In the dissemination-break-out group we worked with questions such as ‘How do you share findings in a collaborative way?’, ‘How do you make a collaborative public, and how do you do that together?’ and ‘How do you collectively construct findings and thus decide upon the main research results (writing/video or other methods) and how do you make these public in a collaborative way?’. Several ideas were mentioned to make anthropology more accessible to the public: vlogs, podcasts, blogs, documentaries, teaching/giving lectures on high schools and primary schools. There was still a lot of need for discussing the advantages and disadvantages of actually making anthropology public: who is the public, actually? Do we want to simplify our findings, or do we want to bring nuance to simplified debates? The experimental forms in which findings can be made public might be (technologically) difficult to accomplish, and also the possibilities of finding funding for such projects might be difficult. In the end, it was concluded, making anthropology public in collaboration would ideally be a process of co-creation, through which traditional power relations between ‘the anthropologist’ and ‘the researched’ can transformed and contested.

Conclusion

Although the main conclusion probably is that there is still so much to talk about, some general points can be taken from the discussions  of the workshop.

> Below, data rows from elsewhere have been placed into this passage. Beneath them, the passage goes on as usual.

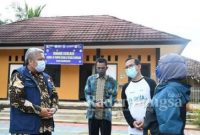 Pj. Sekda Kabupaten Cianjur, Provinsi Jawa Barat, Dodit Ardian Pancapana, tinjau ruang isolasi mandiri Ramasari dan puskesmes Haurwangi didampingi Camat dan unsur forkompimcam [HMS]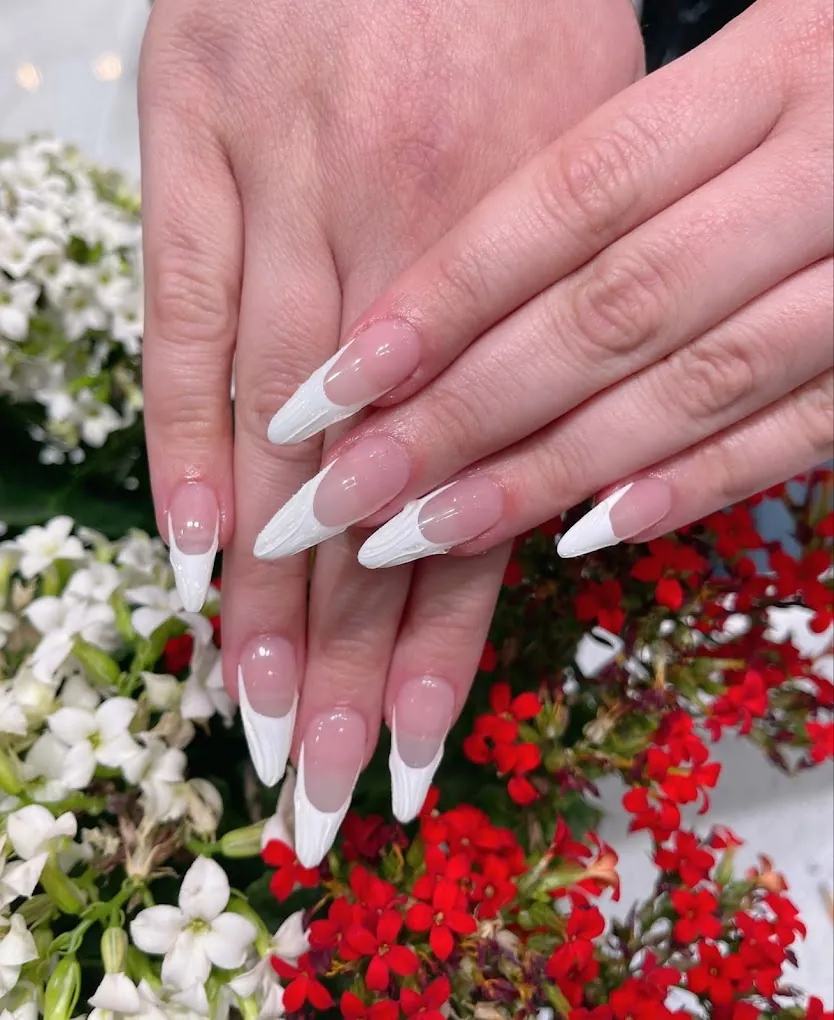 Stiletto French tips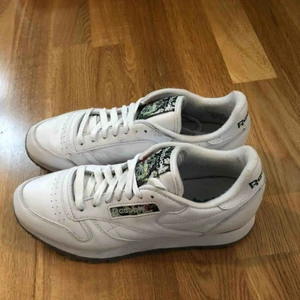  - Reebok sneakers in good condition. Size 39. New price-900 SEK, my price-250 SEK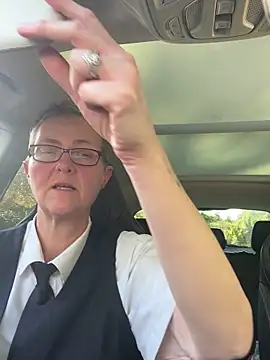 Curvy-Jinx online show from 09.30.25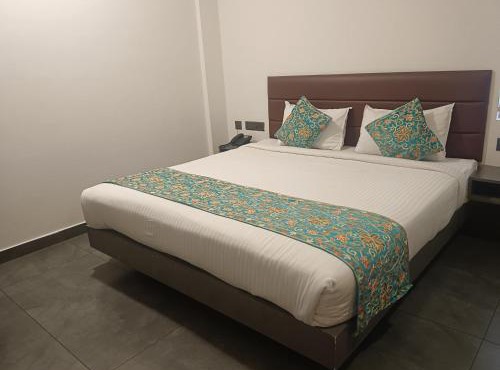 Grand Vistara Airport Suites Cochin with One way Complimentary Airport Transit at 500 metres from Cochin Airport in Nedumbassery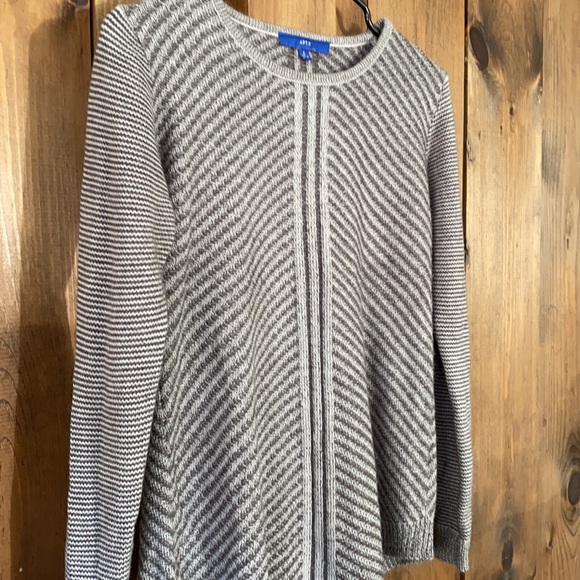 Apt 9 Women’s sweater - Picture 4 of 7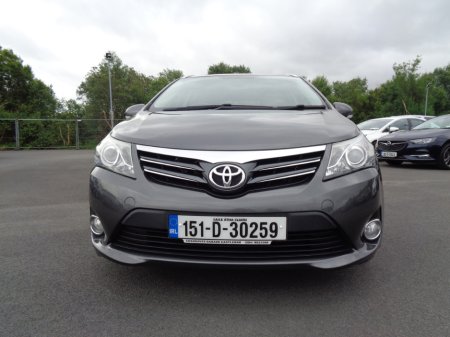 2015 Toyota Avensis 2.0d-4d Aura Estate €13,900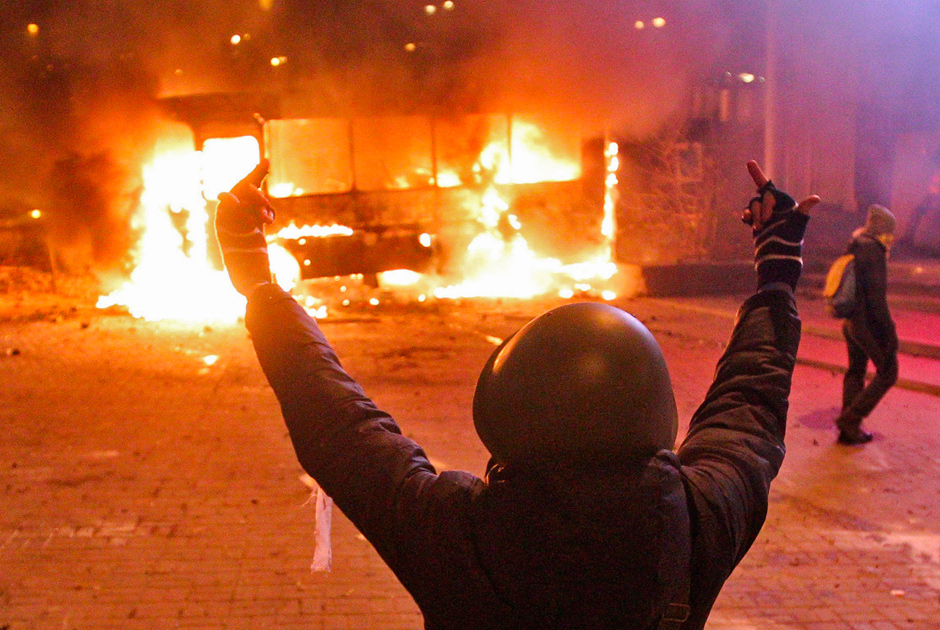 Число раненных в столкновениях в Киеве превысило 100 человек - ФОТО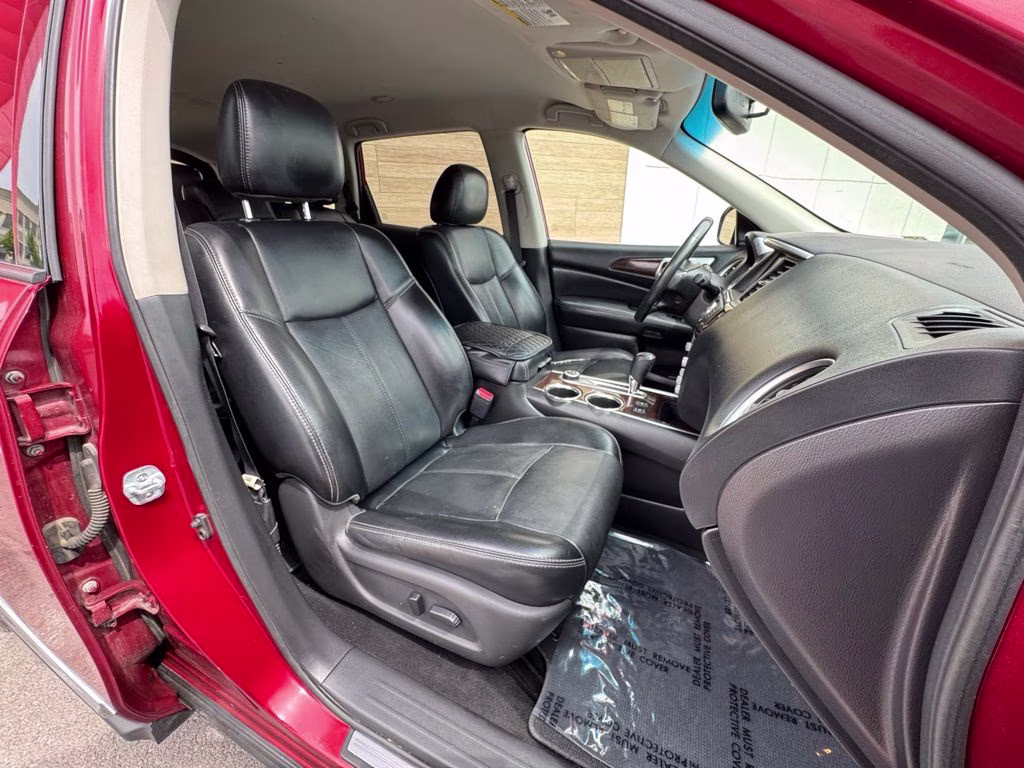 2016 Cayenne Red Metallic Nissan Pathfinder SL 4X4 SUV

First, considering the packed room and the heated discussions: there is not only a lot to be discussed, collaborative and public anthropology is also something that many anthropologists are interested in and actually want to talk about. Second, it is difficult to maintain the distinction between research design, fieldwork and dissemination of findings in collaborative research. Although anthropological research is always non-lineair, this seems to be even more the case when it comes to its public and collaborative variants. Third, collaboration is a process of co-constructing and co-creating knowledge in which both researchers and research participants navigate multiple tensions and interests, which might not always be easy.